July 21, 2021
6 minute reading
Opinions expressed entrepreneur The contributors are their own.
Recent events have made people pay more attention to whether CEOs should express opinions on social issues or political decisions, as this may adversely affect their business. This struggle has existed in every generation of leaders in the past, and it will also exist in future leaders.
In the fall of 2018, Alison Taylor, managing director of BSR, wrote: Harvard Business Review CEO activism, the growing trend of senior management to express opinions on sensitive social and political issues, has been labelled the’new normal’. But behind the scenes, executives do not feel that they are in control. They are working hard to anticipate and respond to pressure from the public, investors, and especially employees. ”
In collaboration with KRC Research, the public relations company Weber Shandwick released Ceo Activism in 2018: Purposeful CEO, Which highlights the role of the CEO and trends related to using his business platform to highlight ideas on social issues. The following are some of the highlights of the report:
- Nearly eight in ten consumers (77%) agree that when the company’s values are violated or threatened, the CEO needs to speak up.
- CEO activism has a positive impact on purchasing decisions. Nearly half of consumers (46%) are more likely to buy products from a company led by a CEO, which expresses opinions on the issues they agree with.
- The top issues that people expect CEOs to solve are: training, equal pay for equal work and sexual harassment. Bottom of the list: gun control, nationalism, legalization of marijuana, and abortion.
- 31% of employed Americans said that if their CEO took a public stance on a hotly debated issue, they would be more loyal to their organization, while almost the same percentage (29%) said it was irrelevant to them critical. Few (23%) have lower loyalty.

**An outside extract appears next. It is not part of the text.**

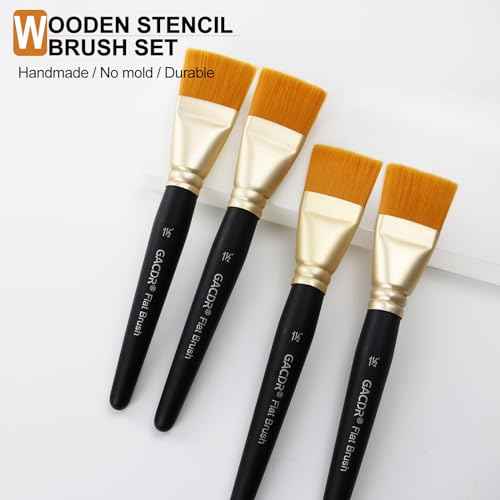 1 1/2 inch Flat Paint Brushes for Acrylic Painting,4 Pieces 38mm Large Craft Basecoating PaintBrushes with Wooden Handle for Acrylic, Oil, Body, Facial mask Brushes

When the CEO’s voice matters
Every leader should prioritize more communication. This communication should include internal and external communication. There is an old saying: “True instruction is in the mouth, but there is no falsehood. He walked with me peacefully and upright and led many people.”
The leader’s words should be:
1. Words given to them by faith
The principle of truth is a good principle. When leaders speak wise words, they can rest assured that these words apply to any time and situation. Leaders are wise when studying truth and learning how to apply it to daily life and the environment (including business).
When the leader sees things that are contrary to justice and justice, the leader must become the spokesperson of justice and justice. When a leader discovers what is the right truth, it will have a belief that they must share this truth with others. Faith often leads to dialogue.
2. Words that have been proven correct
Because what the leader says is very important, what he says should be true and correct. It is unwise for leaders to be entangled in rumors, vague concepts, or statements that may prove to be wrong.The leader is not good enough almost Fix it. The leader’s words must be accurate. The writer Mark Twain encouraged accurate thoughts when he wrote these words. “The difference between an almost correct word and a correct word is really a big problem-this is the difference between a lightning bug and a lightning bolt.”
The leader’s words should always point to something. When the leader speaks, the audience should be full of insight and wisdom. Too many leaders spend too much time talking without saying anything that will change those who listen. Business leaders who speak attentively will find that their words are more valuable.
3. Words that bring peace and correct behavior
CEOs have the ability to influence through their words, so they should carefully consider their words. When the CEO tells the truth, it will build trust and confidence.
In comments on the Edelman Trust Barometer, which measures the public’s confidence in companies, governments, and other institutions every year, CEO and President Richard Edelman wrote: “Business leaders have new expectations. Nearly seven in ten respondents said that building trust is the top priority of the CEO before high-quality products and services. Nearly two-thirds of the interviewees said they want CEOs to take the lead in changing policies instead of waiting for the government, which now has much lower trust in most markets than companies. Now is the time for companies to solve the problem of stagnant wages for the working class of the past two decades, while acknowledging the need to retrain employees who will soon be replaced by automation. ”
Many leaders like the fact that their words often provoke action. However, a wise leader will consider whether the action is correct. An employee who can trust the leader’s words is usually better than an employee who constantly responds to the leader’s latest unstable, emotional statement.
4. Words that show the wisdom of others
In his book, Hit Makers: Science in the Pop Era Distracted, Magazine writer and writer Derek Thompson said, “All my favorite books implement this technique. At first, they seemed to immerse me in another life, but in the end they immersed me in me; I was looking at another person’s house through the window, but what I saw in the reflection was my face. “
The job of a leader is not to win arguments, but to gain influence. Leaders should never tire of communicating with others with grace and compassion. This helps guide others to think more deeply. The old saying goes: “The words of a reckless man are like a knife, and the tongue of a wise man can heal.” In times of crisis and difficulty, the voice of a leader is precious. Leaders are required to speak with wisdom and insight.